The Fund had, at 31 March 2012, noted a deficit of R16.48 billion. Its total claims liability for 2012 stood at R72.6 billion, a substantial increase from the previous year’s figure of R47.6 billion. Liability was largely shaped by the provision of claims incurred. The reasons for the increase in liability included earlier assumptions that were insufficient, the more expensive nature of claims, that fact that many settlements were higher than estimates and the widening of the beneficiary base.

He then moved on to describe the Operational Outputs of the Fund. Noteworthy progress had been made in relation to governance, in that there were no adverse audit findings and the Fund had complied with requirements. The targets were met for stakeholder relationship management, with the Minister, Deputy minister, various departments, National Treasury, and SADC counterparts. On the financial management side, the Fund had obtained an unqualified audit opinion, had capacitated its procurement environment and maintained its investment policy. On the legal and compliance side, it had developed, submitted and had approved some Regulations, and had successfully implemented risk mitigation measures. Progress had also been made in relation to forensics, in that 502 arrests were made, which resulted in 244 convictions.

In relation to its performance, the Fund was functioning within a particularly challenging operating environment. Despite this, significant work had been executed, with notable progress made. There were, however, concerns around slower claim processing and the increased provision for outstanding claims.

In relation to its performance target of efficient management of the organisation through increasing its footprint across the country, it had exceeded its target of 25 000 claims originating from its Customer Service Network, which was located at hospitals, mobile units and other places.

From a financial perspective, the performance target of managing the Fund’s solvency could not be met, as a result of the Fund being grossly under-capitalised. The fuel levy did not correlate with the increasing amounts needed to settle claims. In addition, he reminded Members that provision for outstanding claims had increased from R33.5 billion in 2011 to R53.9 billion in 2012. The Fund was prioritising the processing of open claims,  and was confirming the backlog by way of an audit, and repudiation of unprocessed claims, was enhancing operational delivery, was optimising financial controls and managing the deficit, through prioritising amendment of legislation to remove fault and instead define a set benefit.

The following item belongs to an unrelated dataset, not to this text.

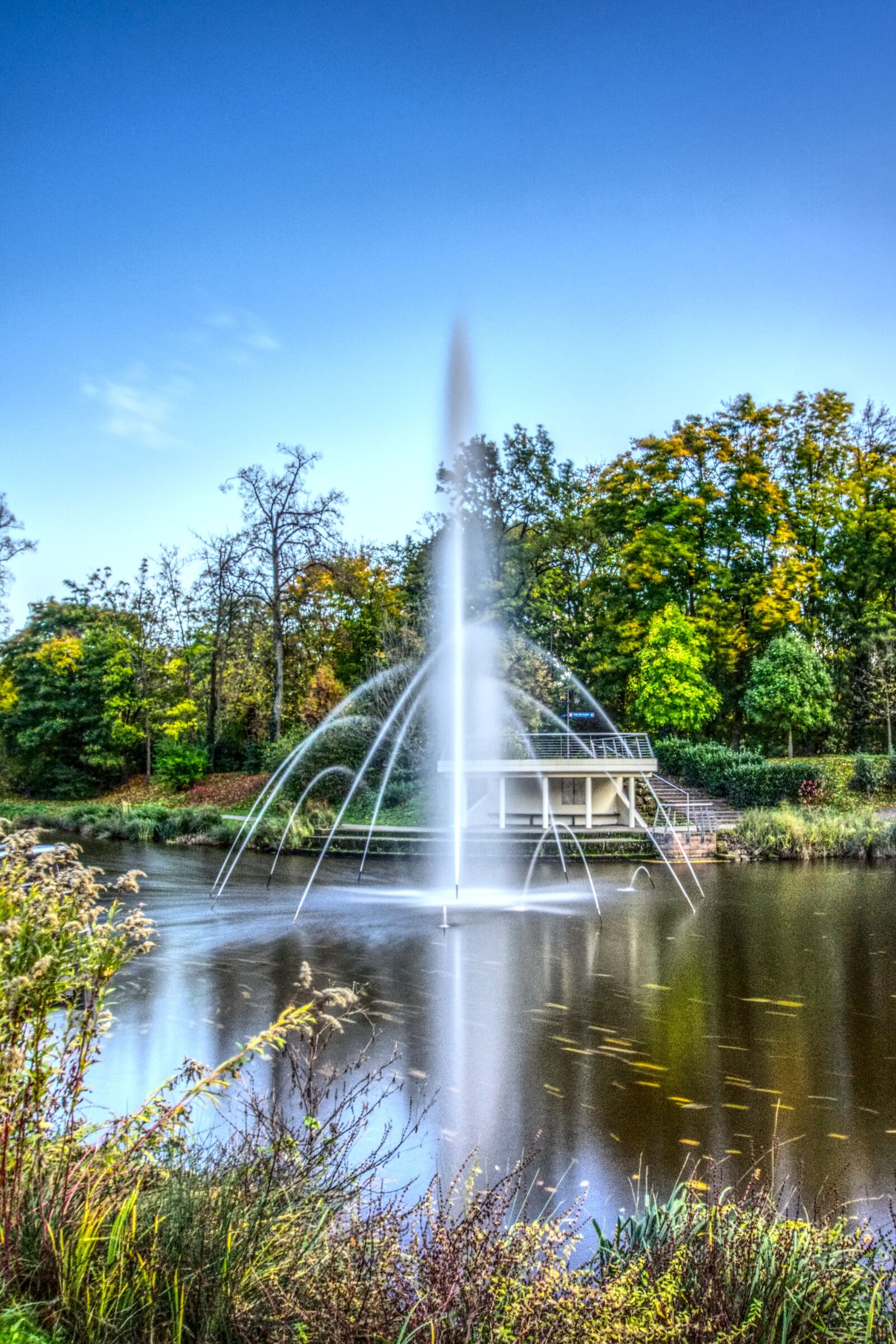 Sony a6000 sample photo. Lake, water feature, fountain photography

He noted that the Fund was operating in a context which was very different to that of other entities. Funding via the fuel levy was not associated with claim frequencies and costs, while beneficiaries were not constituted by past, present or future contributors to the fuel levy. Benefits available to claimants were not defined and were, in some instances, not limited to a maximum value. Social security obligations of the Fund extended to the protection of income, the provision of support and the funding of healthcare needs.

Ms R Motsepe (ANC) asked how many offices the Fund had in hospitals, and where these were located in the provinces.

Mr Watson answered that these offices were located at 75 hospitals across the country. The Fund was currently looking into ways in which to expand this service. Its walk-in office service was currently located at all its offices.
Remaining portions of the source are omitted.